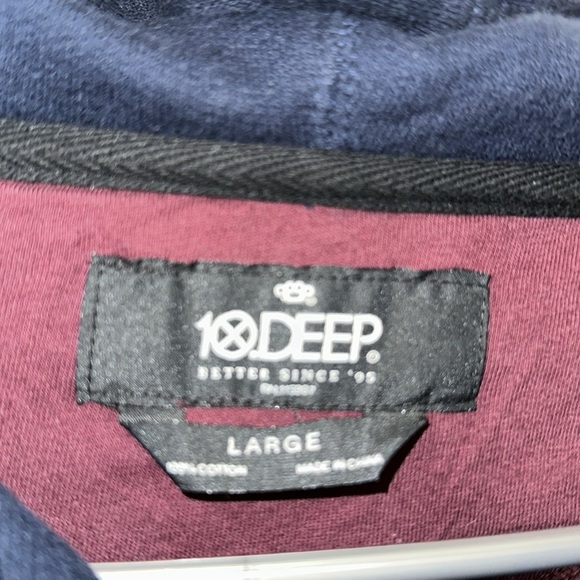 10 Deep, Navy Pull Zip Hoodie, Size: Large - Picture 3 of 3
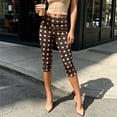 thumbnail image 4 of Women's Polka Dot Capri Leggings Fold Over High Waist Tummy Control Workout Yoga Pants Split Hem Knee Length Soft Stretch Casual Pants Brown, 4 of 7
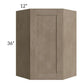 RTA Cobblestone Grey 24" x 36" Diagonal Corner Wall Cabinet with Glass Door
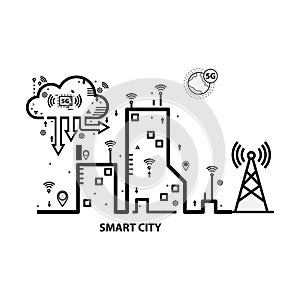 5G connectivity for urban IOT signal network streaming outline concept. generation internet vector illustration in black and white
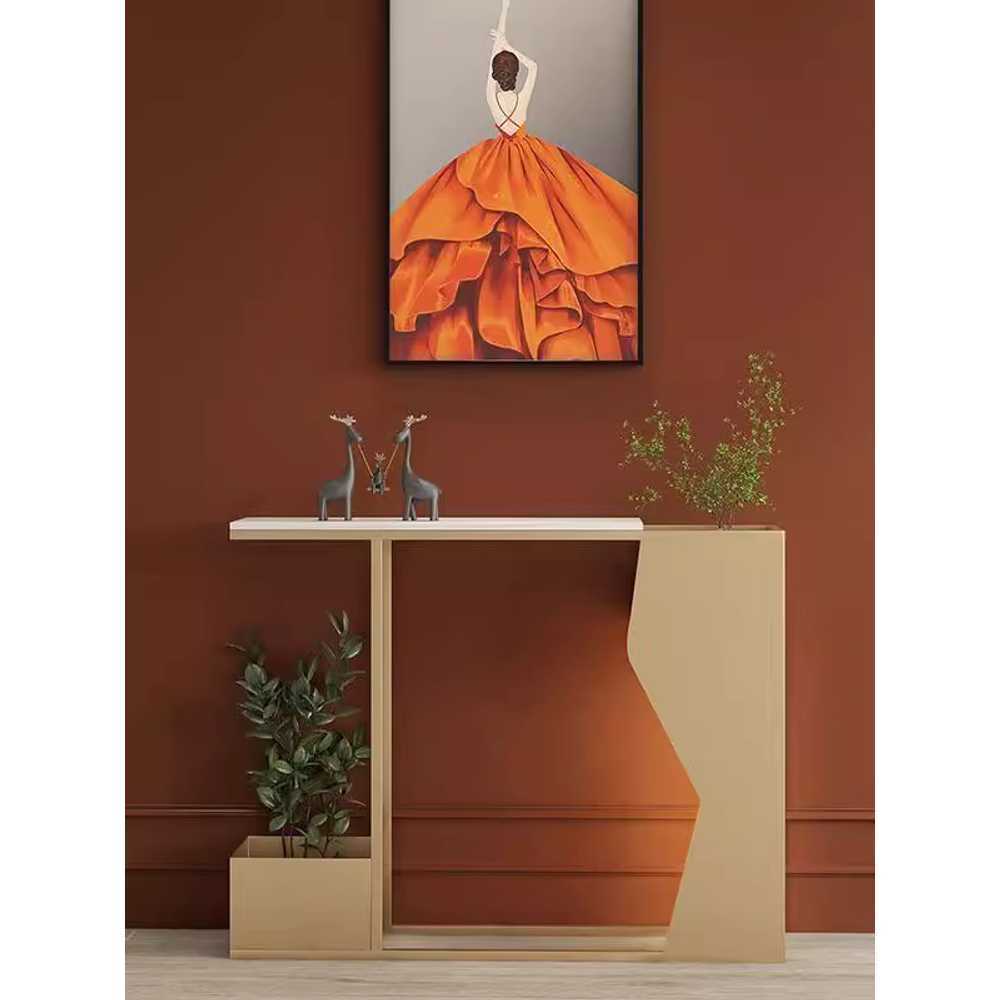 모던 콘솔 테이블 인테리어 포인트 가구 수납장 복도 A형 블랙 80x25x80cm - 상품 이미지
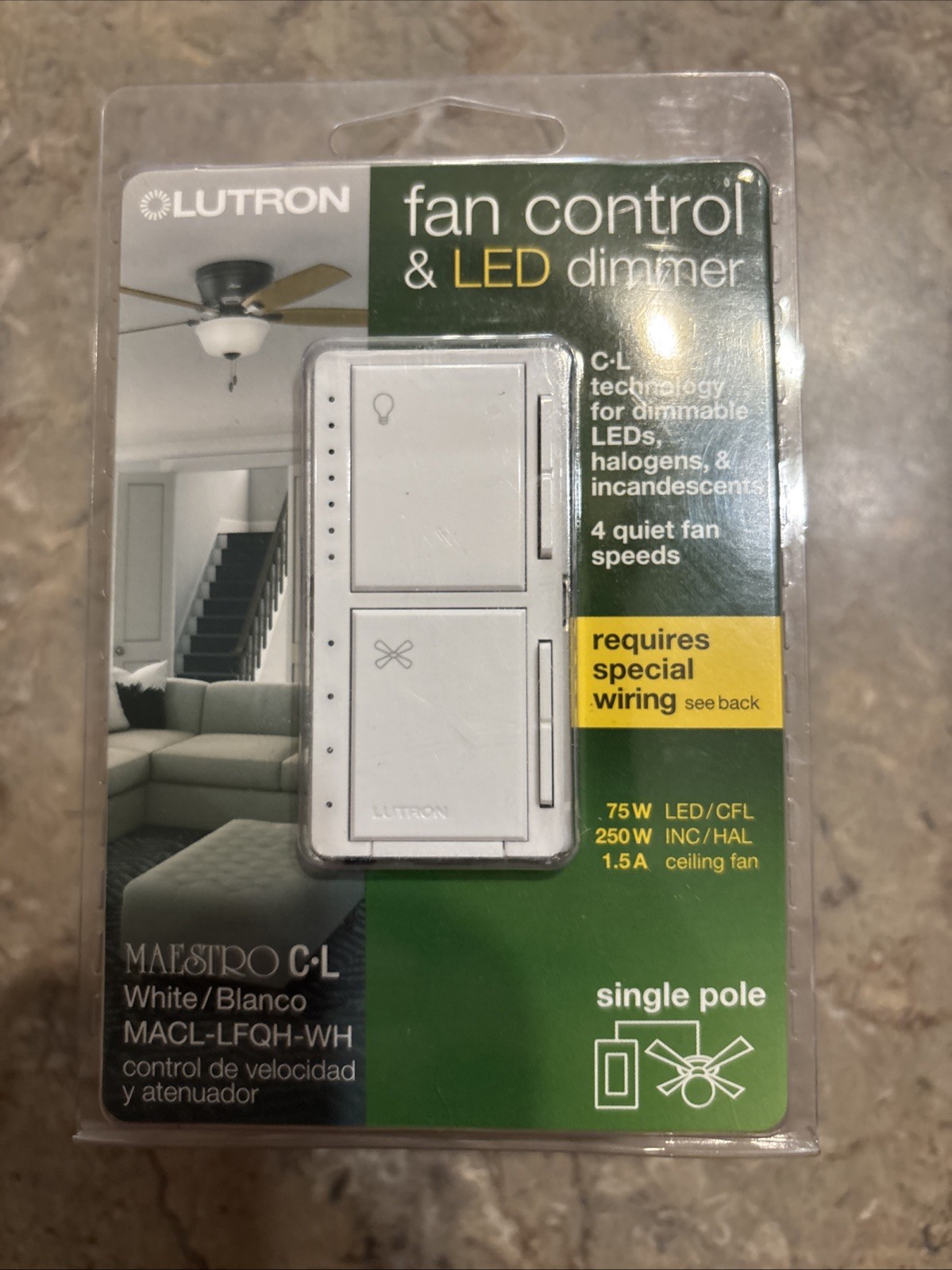 Lutron Maestro Fan Control and Light Dimmer – White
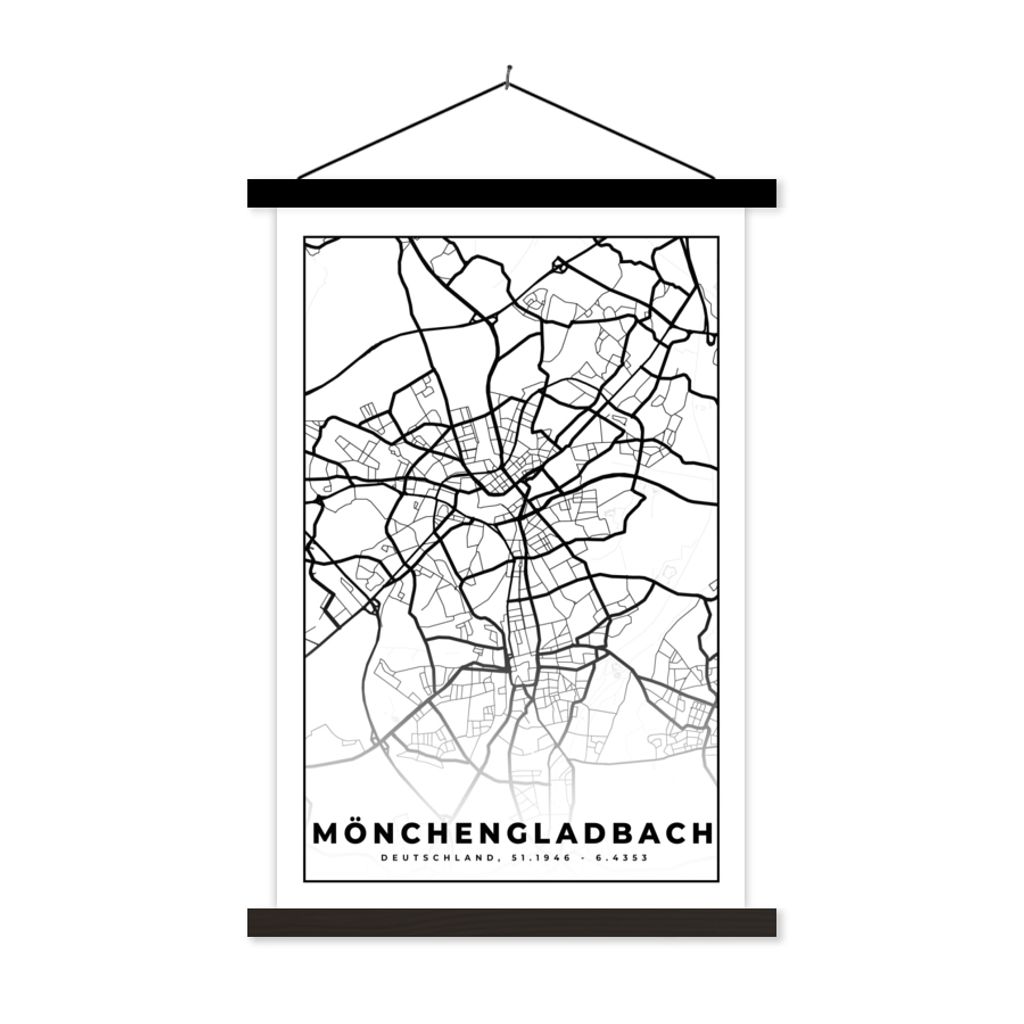 MuchoWow Textilposter Karte - Mönchengladbach - Stadtplan 120x180 cm mit schwarzem Rahmen - Fotos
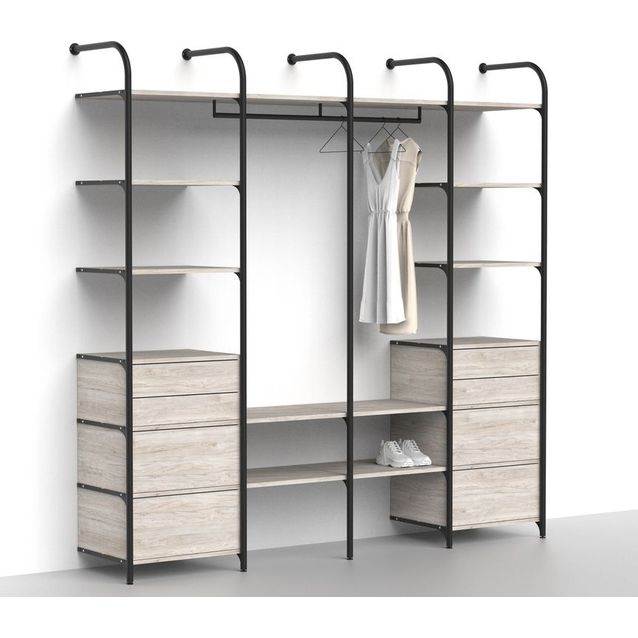 Makuuhuoneen säilytysjärjestelmä Mirror Line Nivo, laatikoilla, tangolla ja hyllyillä, 2080-2480x2400x520mm, vaalea hikkori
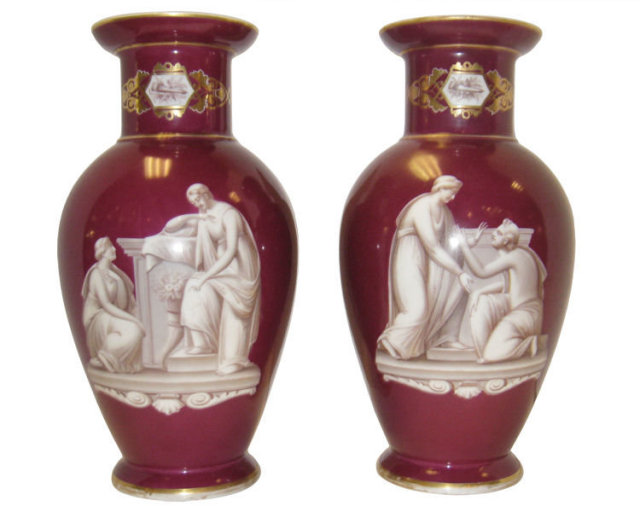Pair of Red Porcelain Vases with Neoclassical Figural Decoration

Aim of the exercise ::
Output each record above word for word, leaving out images.

Answer for this exercise ::
 10 Deep, Navy Pull Zip Hoodie, Size: Large - Picture 3 of 3
 thumbnail image 4 of Women's Polka Dot Capri Leggings Fold Over High Waist Tummy Control Workout Yoga Pants Split Hem Knee Length Soft Stretch Casual Pants Brown, 4 of 7
 RTA Cobblestone Grey 24" x 36" Diagonal Corner Wall Cabinet with Glass Door
 5G connectivity for urban IOT signal network streaming outline concept. generation internet vector illustration in black and white
 모던 콘솔 테이블 인테리어 포인트 가구 수납장 복도 A형 블랙 80x25x80cm - 상품 이미지
 Lutron Maestro Fan Control and Light Dimmer – White
 MuchoWow Textilposter Karte - Mönchengladbach - Stadtplan 120x180 cm mit schwarzem Rahmen - Fotos
 Makuuhuoneen säilytysjärjestelmä Mirror Line Nivo, laatikoilla, tangolla ja hyllyillä, 2080-2480x2400x520mm, vaalea hikkori
Pair of Red Porcelain Vases with Neoclassical Figural Decoration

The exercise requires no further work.